Search for Malaysia jet widens as frustrations grow
An Indonesian Navy pilot conducts an aerial search for the missing Malaysia Airlines flight MH370 in the waters bordering Indonesia, Malaysia and Thailand on March 10, 2014 - by Atar
The initial zone spread over a 50-nautical mile (92-kilometre) radius around the point where Malaysia Airlines flight MH370 disappeared over the South China Sea in the early hours of Saturday morning, en route from Kuala Lumpur to Beijing.
Malaysian authorities announced they were doubling the size of the search area to 100 nautical miles.
"The area of search has been expanded in the South China Sea," Civil Aviation Department chief Azharuddin Abdul Rahman told reporters.
He also confirmed the area now covers land on the Malaysian peninsula itself, the waters off its west coast and an area to the north of the Indonesian island of Sumatra.
The vast stretch under consideration reflects authorities' bafflement over the disappearance of the aircraft, with 40 ships and more than 30 planes finding no sign of it.
- Anger in China -
Emotions were running high as Beijing blamed Kuala Lumpur for a lack of information, while tearful relatives of the 153 Chinese passengers aboard voiced frustration with all sides of the response effort.
China said Malaysia needed to "step up" its efforts after authorities admitted they were mystified.
"The Malaysian side cannot shirk its responsibilities," the Global Times newspaper, which is close to the ruling Communist Party, wrote in a scathing editorial. "The initial response from Malaysia was not swift enough."
A day of conflicting information deepened the anguish of relatives, with tests on oil slicks in the South China Sea showing they were not from the Boeing 777 and reports of possible debris from the flight proving to be false alarms.
Hong Kong's Civil Aviation Department said that a pilot on a flight from the southern Chinese city to Kuala Lumpur had reported seeing "large debris" while flying over Vietnamese waters in the latest sighting to be investigated.
- Terror probe -
Malaysia has launched a terror probe after at least two of the passengers were found to have travelled on stolen passports.
Two European names -- Christian Kozel, an Austrian, and Luigi Maraldi of Italy -- were listed on the passenger list, but neither man boarded the plane.
Both had their passports stolen in Thailand in the last two years and questions swirled over how the two passengers using their documents managed to board the flight.

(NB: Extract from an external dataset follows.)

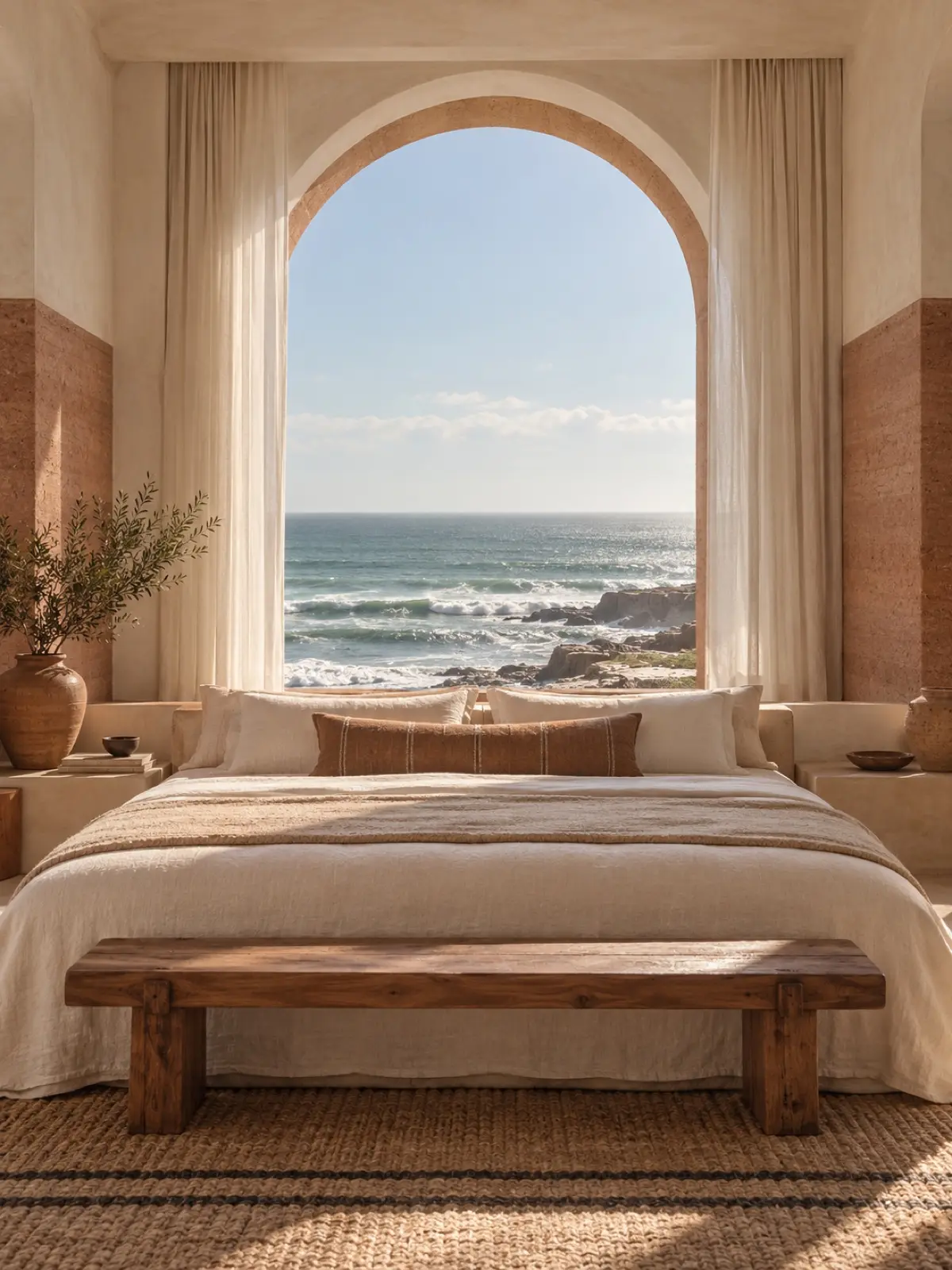 Ocean Arch Room: One tall arch, filled with the Atlantic.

The United States has sent an FBI team to help investigate, but US officials stressed there was as yet no evidence of terrorism. On Monday, the US Navy sent a second ship to the South China Sea to help in the search.
Malaysia's police chief said one of the passengers had been identified, but gave no further details.

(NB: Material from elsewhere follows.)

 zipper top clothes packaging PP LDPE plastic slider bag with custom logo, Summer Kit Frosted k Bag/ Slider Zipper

Azharuddin, the head of the Civil Aviation Department, said the two men were not of Asian appearance, contrary to previous reports.
But he had few answers to the burning questions over what happened.
Asked whether it was possible the plane had been hijacked or disintegrated mid-air, he said nothing could be ruled out.
"We are looking at every aspect of what could have happened," he said.
"This unprecedented missing aircraft mystery -- it is mystifying and we are increasing our efforts to do what we have to do."
- Relatives wait -
At a Beijing hotel, Malaysian embassy officials were processing visa applications for families wanting to take up an offer from Malaysia Airlines (MAS) to travel to Kuala Lumpur to be closer to the rescue operations.
Scores of relatives made their way into the room, some in groups of five or six, clutching handkerchiefs and wiping away tears.
Late on Monday some family members arrived at Beijing's international airport in a small white bus, witnesses at the scene told AFP.
The bus arrived ahead of a 1:30 a.m. flight to Kuala Lumpur on Tuesday that some family members had been expected to board. However, there was no confirmation of their travel plans.
A team of Chinese officials from government ministries headed for Malaysia on Monday, tasked with investigating the incident and helping family members already there.
As the search entered a third full day, other families of missing passengers gathered at a hotel in Malaysia's administrative capital, Putrajaya, sharing breakfast as they stared intently at television news updates.
Malaysian officials have said there was a possibility that MH370 may have inexplicably turned back towards Kuala Lumpur.
The plane, captained by a veteran MAS pilot, had relayed no indications of distress, and weather at the time was said to be good.
Malaysia Airlines shares lost 18 percent at one point Monday, although it clawed back most of those losses to close down 4 percent.